Published April 10, 2013 at 8:30 a.m.
Burlington Mayor Miro Weinberger’s administration plans to bury a tangle of power lines that clutter views near the Moran Plant as part of an infrastructure upgrade and beautification project known as Waterfront Access North. Given this goal of aesthetic betterment, why is the city also replacing a nearby series of 45-foot-high utility poles with an even taller set of poles?
To start with, the beautification project has built-in limits. Officials say the infrastructure makeover will be confined to the area between Waterfront Park and the southern boundary of the Urban Reserve. The power lines within that almost nine-acre site will be moved underground at an estimated cost of about $1 million.

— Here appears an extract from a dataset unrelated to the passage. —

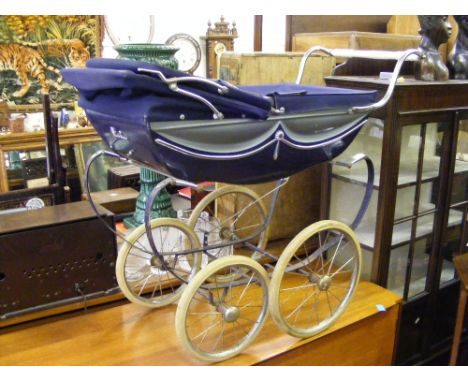 A Silver Cross carriage built dolls pram with matching bag, fitted chrome storage shelf below.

There’s no money available to continue the undergrounding of utility wires north of Moran, says Peter Owens, director of the city’s Community and Economic Development Office.

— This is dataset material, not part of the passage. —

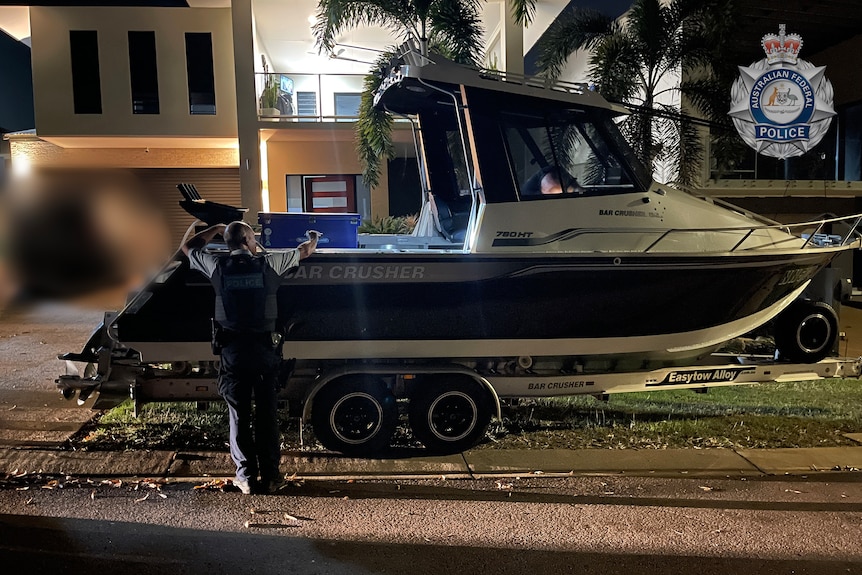 A boat on a suburban street in Darwin with an investigator inspecting the inside of the vessel.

But the question remains: Why is the Burlington Electric Department erecting 55-foot-high poles along the portion of the bike path adjacent to the waterfront’s dog park? Won’t those 10-feet-taller poles, and the lines that hang from them, clutter sight lines?
Yes, they will. On balance, though, information from BED suggests the new poles may actually enhance the overall appearance of the stretch of waterfront running from Moran to the point where the bike path jogs slightly uphill en route to North Beach.
Charlie Willette, head of BED’s operations unit, explains that the new poles will support two sets of transmission lines. The shorter poles to be replaced along that section of the bike path carry only a single set of lines, he points out. BED plans to remove another nearby series of poles running just east of the railroad tracks and transfer the lines they support to the new poles, Willette says.
The result: That stretch of bike path will be marred by fewer utility poles and electricity lines once the work is completed in a few weeks.
But will passersby notice the difference?
Maybe not as such, but many walkers, runners and cyclists could eventually have an airier impression of the route between Waterfront Park and the dog run. The utility undergrounding that’s part of the $8 million Waterfront Access North project is likely to be completed about a year from now, Owens says. He notes that the city must build its new $1 million skate park east of Moran before the power lines can be buried. Construction of the skate facility is scheduled to get under way in late summer or early fall, Owens adds.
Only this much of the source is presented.